Persistent alterations in colonic afferent innervation in a rat model of postinfectious gut dysfunction: Role for changes in peripheral neurotrophic factors.

BACKGROUND: Visceral hypersensitivity in the inflamed gut is related partly to the effects of peripheral neurotrophic factors (NTFs) on local afferent neurons. However, alterations in sensory afferents of distant areas remain unexplored. Using the Trichinella spiralis infection model, which causes a jejunitis, we investigated the remodeling of colonic afferents and the potential role of NTFs. METHODS: Rats were infected with T. spiralis. Inflammatory-like changes, mucosal mast cells (MMCs) dynamics, and expression of nerve growth factor and glial cell line-derived NTFs (glial cell-derived neurotrophic factor, artemin, and neurturin) were determined in the colon up to day 30 postinfection. Functional responses of colonic afferents were determined assessing changes in the expression of sensory-related markers in thoracolumbar (TL)/lumbosacral (LS) dorsal root ganglias (DRGs) following intracolonic capsaicin. KEY RESULTS: Trichinella spiralis induced an inflammatory-like response within the colon, partly resolved at day 30 postinfection, except for a persistent MMC infiltrate. While the jejunum of infected animals showed an up-regulation in the expression of NTFs, a transitory down-regulation was observed in the colon. Overall, T. spiralis effects on DRGs gene expression were restricted to a transient down-regulation of TPRV1. Stimulation with intracolonic capsaicin induced a down-regulation of TRPV1 levels in TL and LS DRGs, an effect enhanced in LS DRGs of infected animals, regardless the postinfection time considered. CONCLUSIONS & INFERENCES: During intestinal inflammation, spread morphological and functional alterations, including remodeling of visceral afferents, are observed outside the primary region affected by the insult. Similar mechanisms might be operating in states of widespread alterations of visceral sensitivity.

Persistent epithelial barrier alterations in a rat model of postinfectious gut dysfunction.

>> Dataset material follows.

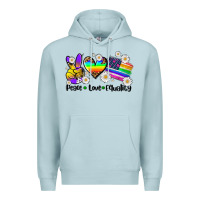 Blue Mist peace love  equality Premium Hoodie - AdoDesignShop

BACKGROUND: Mucosal mast cells (MMCs), epithelial barrier function (EBF) and the enteric nervous system (ENS) are interactive factors in the pathophysiology of functional gastrointestinal disorders. We characterized postinfectious EBF alterations in the Trichinella spiralis infection model of MMC-dependent intestinal dysfunction in rats. METHODS: Sprague-Dawley rats were infected with T. spiralis. 30 ± 2 days postinfection, jejunal EBF (electrophysiological parameters, fluorescein isothiocyanate-dextran fluxes and responses to secretagogues and MMC degranulators) was evaluated (Ussing chamber). In some experiments, participation of secretomotor neurons was examined by tetrodotoxin (TTX) pretreatment. Jejunal histology and MMC count and activity were also assessed. KEY RESULTS: 30 ± 2 days postinfection, when only a low grade inflammation was observed, increased MMC number and activity were associated with altered EBF. EBF alterations were characterized by increased mucosal permeability and ion secretion. In T. spiralis-infected animals, secretory responses to serotonin (5-HT) and immunoglobulin E (IgE)-dependent activation of MMCs were reduced. In contrast, responses to substance P (SP) and capsaicin were similar in infected and noninfected animals. Neuronal blockade with TTX altered secretory responses to SP and capsaicin only in infected rats. CONCLUSIONS & INFERENCES: Trichinella spiralis infection in rats, at late stages, results in persistent postinfectious intestinal barrier dysfunctions and mucosal mastocytosis, with other signs suggestive of a low grade inflammation. The altered permeability and the TTX-independent hyporesponsiveness to 5-HT and IgE indicate epithelial alterations. Changes in responses to SP and capsaicin after neuronal blockade suggest an ENS remodeling during this phase. Similar long-lasting neuro-epithelial alterations might contribute to the pathophysiology of functional and postinfectious gastrointestinal disorders.